On April 12 and 15, the price of gold dropped dramatically — from above $1,560/oz. to as low as $1,332/oz. before rebounding slightly. It was the largest two-day plunge in more than 30 years. The roughly 14% drop in just those two days belies the idea that gold is a "safe" investment.

Many investors are attracted to gold primarily because they believe it will protect them from an economic catastrophe, and this tends to foster the idea of safety. But gold has always been a speculative investment — it has no underlying fundamental value, unlike a stock whose value can be tied, at least in part, to the value of the issuing business. As a result, gold's history is one of booms and busts, spikes and sell-offs.

Since peaking in September of 2011 at roughly $1,900, gold is off more than 25%, well into bear-market territory. There's no single explanation for this plunge, but rather a confluence of events. Here are a few of the factors involved in gold's slide.

  • Unwinding of Fear
    It's important to remember that gold had already advanced from roughly $300 to $700 before the first winds of the subprime crisis began blowing in 2007. But it was the massive expansion of the Federal Reserve's balance sheet in the aftermath of the 2008 financial crisis that sent gold soaring — from roughly $750 at the height of the crisis to $1,900 three years later.

    Much of that move was driven by the fear that the Fed's policies would lead to higher inflation, if not outright hyperinflation. Many still harbor that concern. But the dire inflation outcomes haven't materialized, and with the minutes of the Fed's latest meeting indicating it could soon be winding down its quantitative-easing programs, the fear of those dire outcomes has been dissipating.
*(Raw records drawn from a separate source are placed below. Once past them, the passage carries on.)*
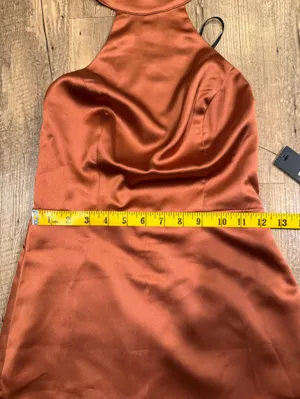 Lulu’s Celebrate Me Rust Brown Satin Halter Mini Dress XS thumbnail 3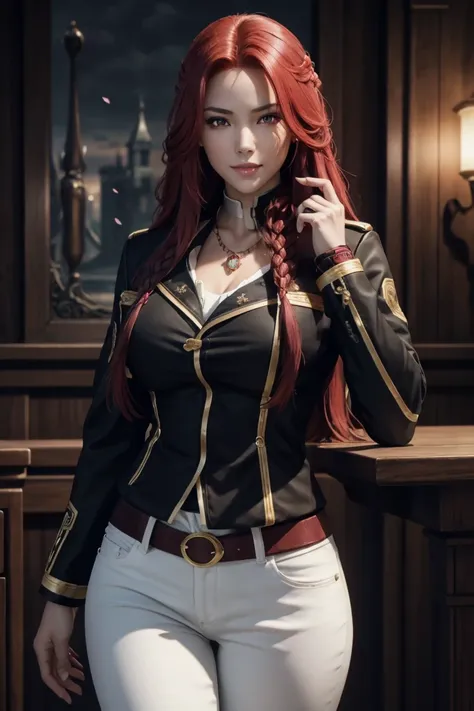 i want to be a powerful figure behind the scenes！,iris midgar,red hair,long hair,outside flip,with a single braid on one side on...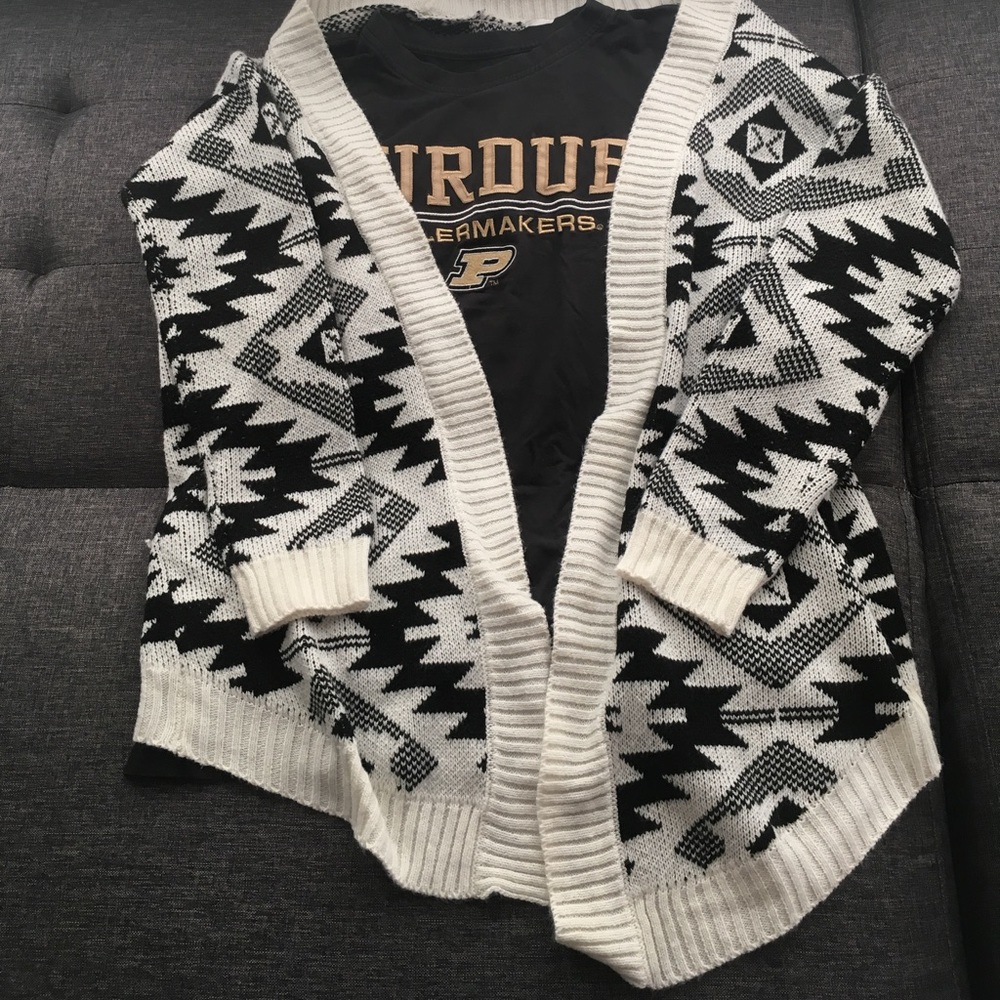 CiSono Black and White Geometric Cardigan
  • Central Banks and Cyprus
    Over the past three years, central banks have been net buyers of gold, helping push gold's price higher. This could be changing, and Cyprus could be the catalyst. Part of Cyprus' recent bailout deal with the European Union involves selling a chunk of their gold reserves. While Cyprus' gold reserves are tiny, the concern is it sets a precedent for other Euro nations that need help. If Greece, Portugal, Spain, France, etc. were to become net sellers of gold in the future, it would represent a significant switch by central banks from gold buyers to net sellers. China also has been a big buyer of gold, but growing suspicion of its economic weakness throws that continuing role into question.
     
  • Supply and Demand
    No big surprise here, but since gold prices started shooting higher, production has risen. It's a lot more lucrative to mine gold when the price more than doubles. Gold mining output is up about 20% since 2008.
     
  • Competition from other Investment Types
    Many people were scared to death of equities after 2008. As that fear has receded and gold's rise has faltered (indeed its price has actually started to fall), some of the same money that rotated out of equities and into gold has rotated back. (That's speculative on my part, but it's hard to believe that hasn't been a contributing factor.)
     
  • Ease of Trading
    The massively popular gold exchange-traded funds (ETFs), led by GLD, which was briefly the largest ETF in the world, have greatly facilitated the rotation by smaller investors from other asset classes to gold, and now back again. On April 12 alone, GLD saw outflows of $1.2 billion. So far this year, GLD has seen its assets shrink 28% due to outflows of more than $15 billion. It used to be inconvenient to buy or sell physical gold, so few tended to do it. Now it's exceptionally easy to add or remove gold from one's portfolio via the ETFs.

That leads me to the two approaches to investing in gold we've stressed in the past — that of the long-term accumulator and that of the opportunistic trader. For the long-term accumulation path, our suggestion has been to buy physical gold in the form of non-numismatic bullion coins. (We also have suggested Goldmoney.com as a "digital gold" option.) Readers who have scaled into those types of positions since we started writing more about gold in 2009 probably have not been affected by the recent price declines too much. In fact, the recent price declines may provide accumulators with a buying opportunity.

On the other hand, the recent meltdown in gold prices has dramatically affected the shorter-term trader. For those desiring an occasional exposure to gold, I suggest you investigate our Dynamic Asset Allocation strategy, where gold can represent as much as one-third of the portfolio, or none at all, depending on DAA's well-defined timing system. Our back-tested model shows that strategy would not have owned gold since a year ago. Gold was above $1,650 at the time.